8.3: Simulated Annealing
Simulated annealing is an
optimization algorithm whose objective is to find global optima. It is inspired
by the process of annealing performed to toughen metals. For example, a piece
of steel is repeatedly heated at extremely high temperatures and then slowly
cooled. This process of heating and slow cooling helps molecules in the steel
to improve and reorganize their position, thereby strengthening the steel. It
is an improvement on the hill climbing algorithm, which is good at finding
local optima, but performs poorly on global optima.

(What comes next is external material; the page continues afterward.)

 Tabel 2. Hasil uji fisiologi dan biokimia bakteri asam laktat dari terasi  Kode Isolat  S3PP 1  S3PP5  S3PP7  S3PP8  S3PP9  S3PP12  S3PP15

The algorithm is executed for
several iterations as specified by the user. The temperature for annealing is
set by the user before the start of the algorithm. For the first iteration, a
random subset of features is drawn and its performance is measured for the dataset.
The given feature set is perturbed by randomly removing and adding new features
to the feature set. We can specify the percentage of features that can be
perturbed. Usually, this percentage is kept between 1 and 5. After the features
are perturbed, the new perturbed features are used for evaluating the dataset.
We then compare model performance between features drawn at the beginning of
iteration and perturbed features. If the new subset is better than the initial
subset, we replace the initial subset with the better subset. If on the other
hand, the perturbed subset performs worse than the initial subset, we calculate
an acceptance or rejection probability, which uses both the model metric as
well as temperature. The calculated probability is compared against a random
probability. For the regression problem, if the random probability is less than
accept reject probability, we take the worse-performing perturbed feature set.
For classification problems, if the random probability is more than accept reject
probability, we take the worse-performing perturbed feature set. The new
feature set thus generated is used for the next iteration, and the temperature
is cooled based on a predefined alpha value. One thing to note about perturbing
is that in an iteration, we can perturb more than once.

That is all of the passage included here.